Moyennant ce traité, M. Thiers proclamait que la religion et la philosophie, ces sœurs immortelles, allaient vivre ensemble à côté l'une de l'autre et en parfait accord. Il se hâtait un peu trop: déjà le clergé, par l'organe de Monseigneur de Paris, faisait ses réserves :

Par votre loi, disait-il, vous nous demandez de vous aider à diriger vos établissements, et je crois que vous avez raison dans votre intérêt. Nous y consentons, sous trois réserves: la première, c'est que la liberté religieuse sera respectée; la deuxième, c'est que les décisions doctrinales prises par le conseil de l'instruction à l'occasion de l'examen des livres, ne lieront pas la conscience; la troisième, c'est que les évêques pourront se retirer, si on leur fait des conditions qui blessent la foi.

Ainsi, au moment même où la paix se signait, une des parties contractantes faisait, avec hauteur, des réserves qui ressemblaient beaucoup à des menaces de guerre.

La discussion fut longue, très-animée, surtout de la part de la gauche, qui se plaignait violemment de ce que le gouvernement livrât, sans restriction, l'enseignement public et privé au clerge; mais la majorité était d'avance acquise au projet de loi. Je n'ai pas besoin de dire que je ne fus nullement tenté de me mêler à cette discussion : je ne partageais ni les illusions des uns, ni les craintes exagérées des autres. Je savais trop bien que de pareilles questions sont bien plus gou

vernées par les circonstances, par les mœurs, par les influences de l'opinion, que par la loi : et que d'ailleurs la loi qu'on faisait était bien plutôt une trêve, très-éphémère, qu'un traité de paix définitif.

Mais une autre loi également importante, quoique d'une nature toute différente, se débattait, qui ne me permit pas de m'abstenir, c'était la loi de déportation.

Notre Code pénal, lors de la révision qui en avait été faite en 1833, avait conservé la peine de la déportation; mais son application devait rester suspendue jusqu'à ce qu'un lieu pour la subir eût été désigné; en attendant, elle était remplacée par la détention perpétuelle en France.

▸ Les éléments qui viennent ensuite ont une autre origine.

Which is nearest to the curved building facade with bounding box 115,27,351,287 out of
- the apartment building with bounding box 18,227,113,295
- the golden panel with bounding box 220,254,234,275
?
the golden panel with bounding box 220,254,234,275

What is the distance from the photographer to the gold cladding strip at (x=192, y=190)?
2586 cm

Depuis la suppression de la peine de mort en matière politique, il y avait nécessité absolue de sortir de ce provisoire, et de combler le vide qui existait entre l'échafaud supprimé et les autres peines. La déportation à temps ou à perpétuité, selon le degré de criminalité des condamnés, pouvait seule remplir ce vide; elle était d'ailleurs par sa nature mieux appropriée aux crimes politiques que toute autre répression, que les travaux forcés à perpétuité, par exemple, qui venaient, dans l'ordre des peines, après la mort. Il fallait cependant qu'un châtiment, destiné à remplacer l'échafaud, fùt suffisamment répressif, sans compromettre l'existence du condamné. Dans cette vue, nous avions dù, pendant mon ministère, procéder à une enquête minutieuse pour nous assurer d'un lieu qui, par son éloignement et par la salubrité du climat, pût répondre à cette double condition de sévérité et d'humanité : les îles d'Otahiti, dans l'océan Pacifique, nous avaient paru la remplir, et, en conséquence, j'avais saisi l'Assemblée d'un projet de loi, d'après lequel la déportation devrait être subie dans une de ces iles, et comme cette loi était surtout une menace pour l'avenir, j'avais eu soin d'y

faire insérer la clause expresse de non-rétroactivité.

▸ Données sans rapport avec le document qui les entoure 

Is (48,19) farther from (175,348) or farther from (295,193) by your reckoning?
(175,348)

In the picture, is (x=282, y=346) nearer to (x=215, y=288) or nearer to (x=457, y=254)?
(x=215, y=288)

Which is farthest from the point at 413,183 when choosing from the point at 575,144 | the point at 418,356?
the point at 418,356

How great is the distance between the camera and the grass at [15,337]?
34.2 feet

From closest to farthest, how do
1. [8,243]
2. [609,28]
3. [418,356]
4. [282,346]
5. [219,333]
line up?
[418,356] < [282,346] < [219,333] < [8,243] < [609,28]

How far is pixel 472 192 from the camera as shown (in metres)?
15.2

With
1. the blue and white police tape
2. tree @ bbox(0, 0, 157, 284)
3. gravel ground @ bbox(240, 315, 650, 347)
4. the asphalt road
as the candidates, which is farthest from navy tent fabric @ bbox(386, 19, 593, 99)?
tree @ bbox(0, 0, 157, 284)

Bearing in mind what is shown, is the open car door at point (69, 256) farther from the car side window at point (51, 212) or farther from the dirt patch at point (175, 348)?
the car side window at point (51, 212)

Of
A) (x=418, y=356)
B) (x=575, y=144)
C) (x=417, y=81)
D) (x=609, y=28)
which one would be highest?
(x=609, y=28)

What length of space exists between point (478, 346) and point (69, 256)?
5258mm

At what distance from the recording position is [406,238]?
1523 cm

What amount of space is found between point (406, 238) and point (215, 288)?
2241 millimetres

C'est ce même projet qui avait été porté, par mon successeur, à l'Assemblée législative. D'abord, et lors de la première lecture de la loi, M. Victor Hugo ayant dit que si les révolutions de 1830 et de 1848 eussent été vaincues, Charles X eût appliqué cette loi à M. Thiers, et Louis-Philippe à M. Odilon Barrot, je lui répondis de mon banc, aux applaudissements de la majorité, « Que si je m'honorais de quelque chose dans ma carrière, c'était de n'avoir jamais conspiré contre aucun gouvernement, et d'avoir, jusqu'au bout et le dernier, défendu la Constitution de mon pays. Que, s'il y avait un parti aux yeux duquel la défense opiniâtre des lois fùt un attentat, je plaignais M. Victor Hugo d'appartenir à un tel parti. » Mais ce n'était là qu'une escarmouche. La commission avait cru devoir effacer du projet la clause de non-rétroactivité que j'avais mise; dès lors ma responsabilité, ainsi que mon honneur, me faisaient un devoir impérieux d'intervenir pour défendre cette clause sans laquelle le caractère de la loi, qui était mon œuvre, eût été complétement dénaturé, et d'une mesure purement préventive serait devenu un acte de vengeance. Je fus donc forcé, quoique souffrant encore, de rompre le silence et d'aborder de nouveau la tribune. Mon successeur au ministère de la justice, M. Rouher, crut devoir m'y devancer. Il soutenait que, d'après le Code pénal, la peine de la déportation devant être subie dans une maison de détention, en France, jusqu'à ce qu'un lieu de déportation fùt législativement désigné, en appliquant aux condamnés la nouvelle loi de déportation, on ne substituait pas une peine à une autre, mais qu'on se bornait à régulariser l'exécution d'une peine déjà prononcée. La commission, par l'organe de M. de Vatimesnil, son rapporteur, présentait un système moins

absolu : il cherchait à établir que, s'agissant d'interpréter une loi et de régler l'exécution d'arrêts déjà rendus, il n'appartenait qu'à la haute cour dont ces arrêts émanaient de se prononcer sur cette question.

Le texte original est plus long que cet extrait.